**Prompt:**
Make an exact copy of the data below, leaving out every picture.

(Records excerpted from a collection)

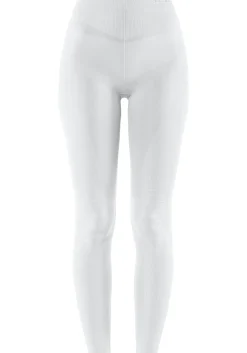 FALKE dames tights Maximum Warm, thermobroek, wit (white)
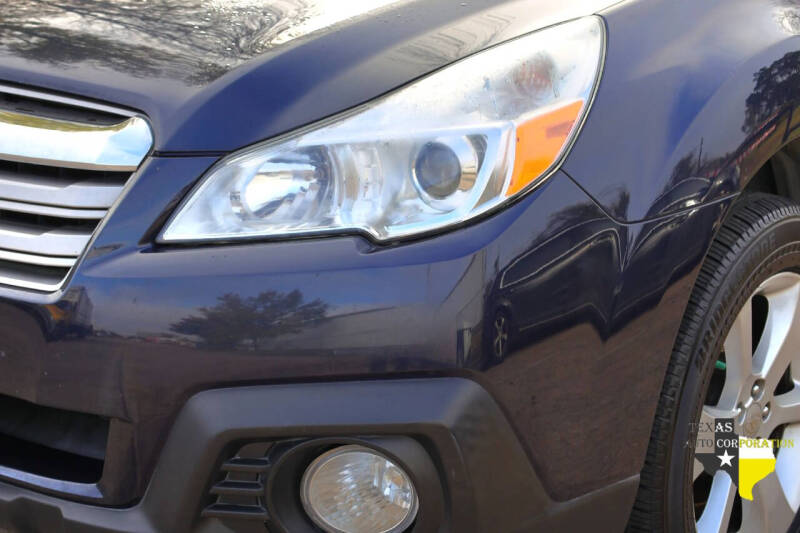 2013 Subaru Outback 2.5i Premium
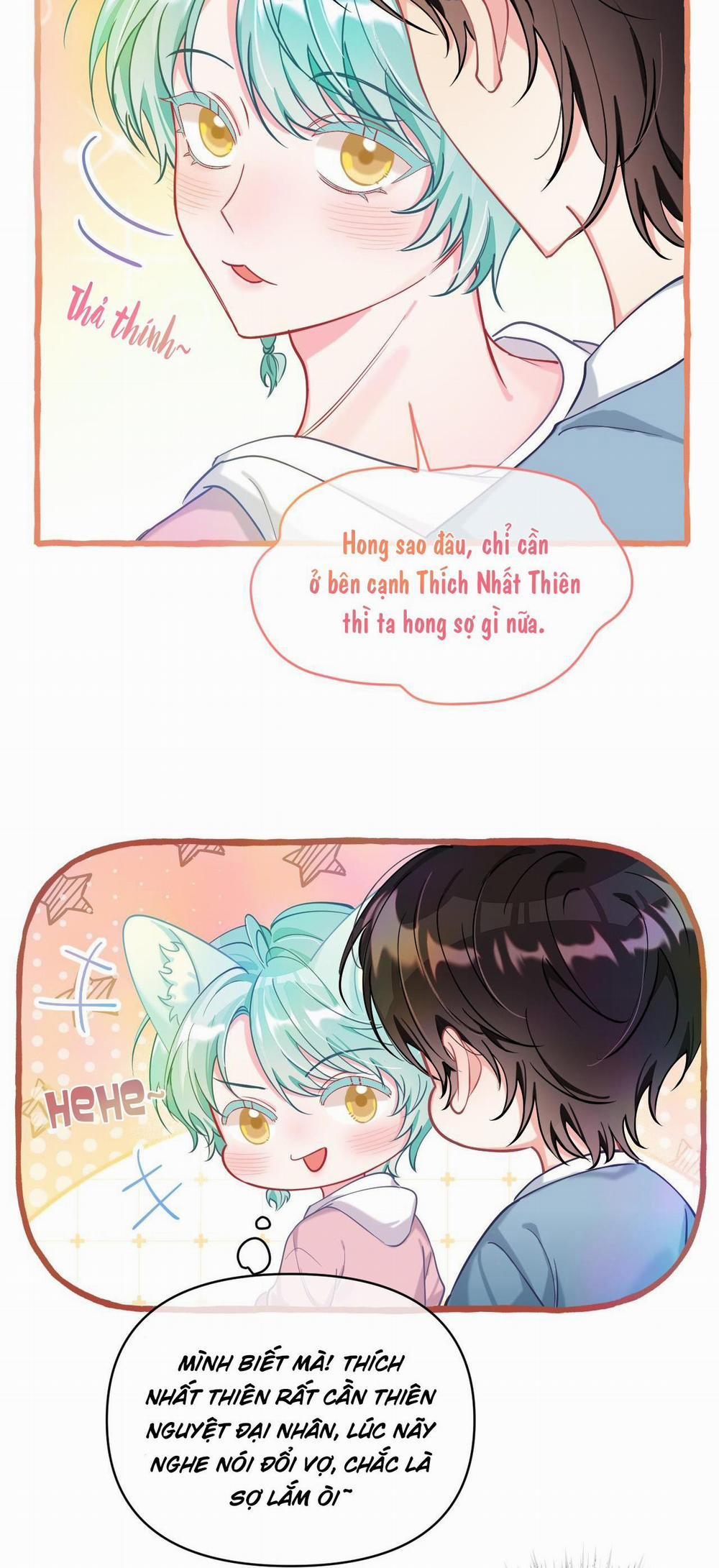 Hồ Ly Hay Là Hồ Dán Vậy? (END) 18 trang 27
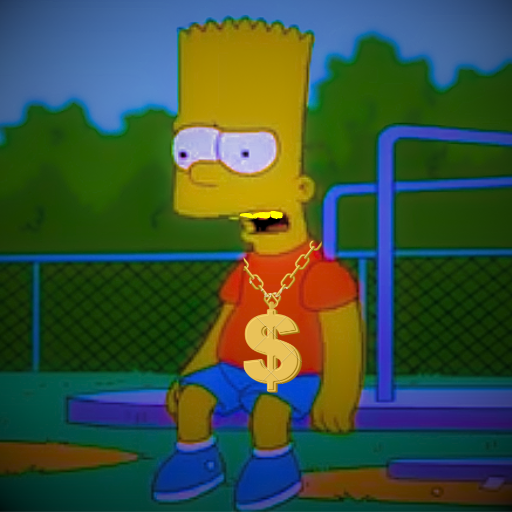 BartSimpsonRich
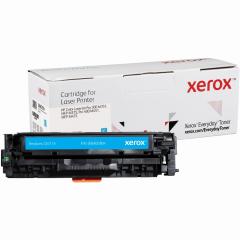 TON Xerox Cyan Toner Cartridge equivalent to HP 305A for use in Color LaserJet Pro 300 M351, MFP M375 Pro 400 M451, MFP M475 (CE411A)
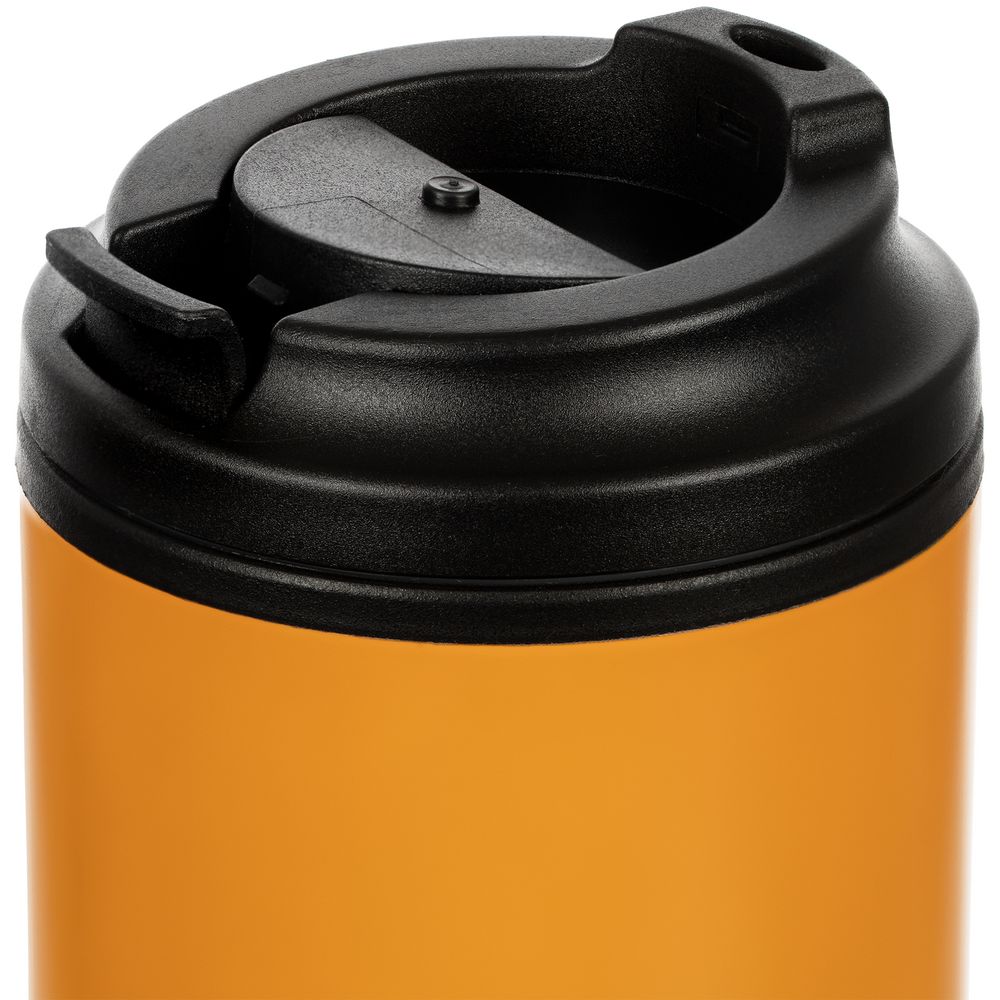 Термостакан Presa, оранжевый — изображение 3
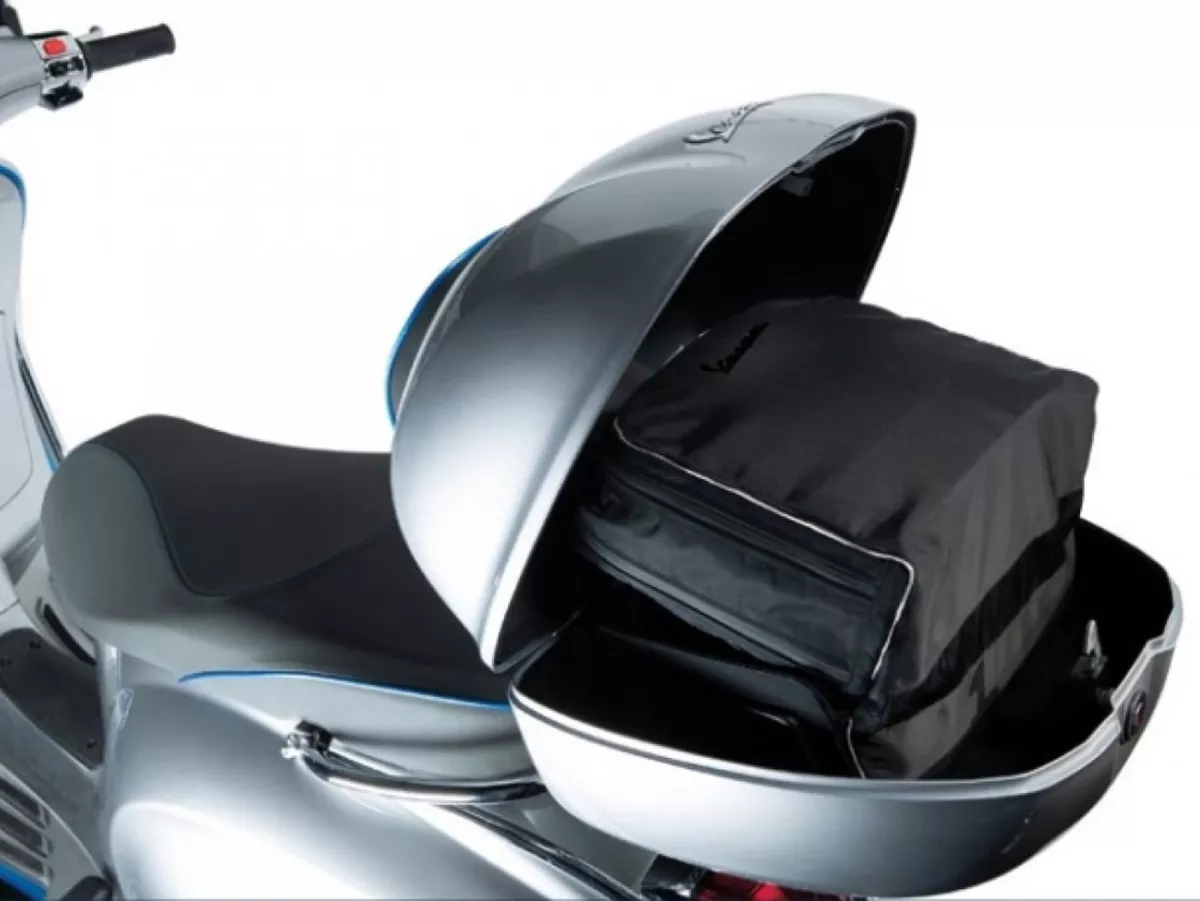 Sac à dos -VESPA, Elettrica- noir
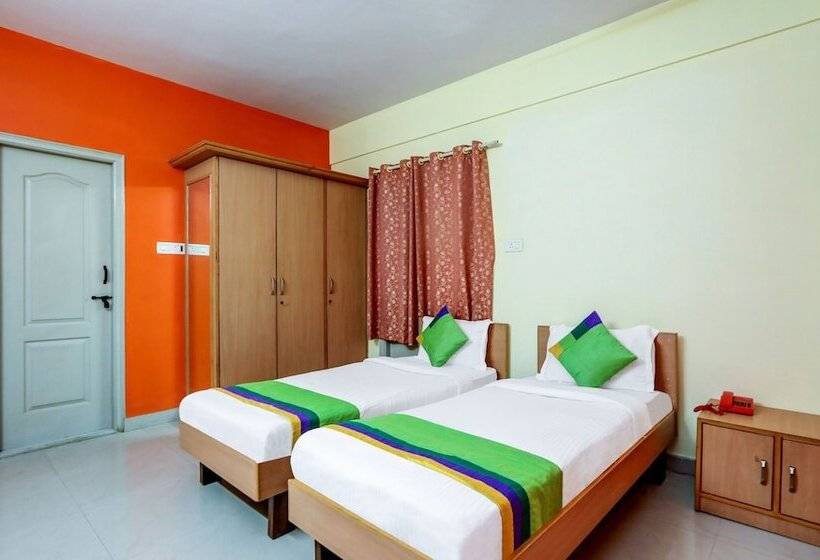 Fotos del hotel Treebo Trip Jasmine:  8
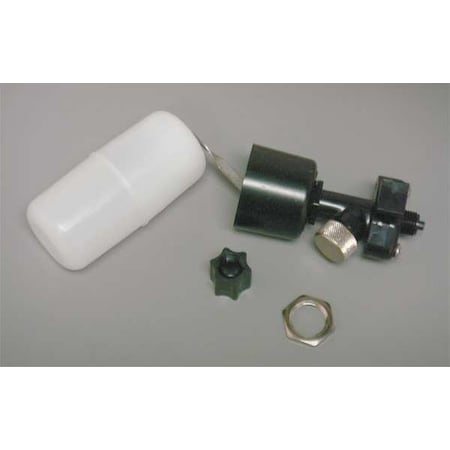 Float Valve Assembly, 4 in H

**Exercise output:**
 FALKE dames tights Maximum Warm, thermobroek, wit (white)
 2013 Subaru Outback 2.5i Premium
 Hồ Ly Hay Là Hồ Dán Vậy? (END) 18 trang 27
 BartSimpsonRich
 TON Xerox Cyan Toner Cartridge equivalent to HP 305A for use in Color LaserJet Pro 300 M351, MFP M375 Pro 400 M451, MFP M475 (CE411A)
 Термостакан Presa, оранжевый — изображение 3
 Sac à dos -VESPA, Elettrica- noir
 Fotos del hotel Treebo Trip Jasmine:  8
 Float Valve Assembly, 4 in H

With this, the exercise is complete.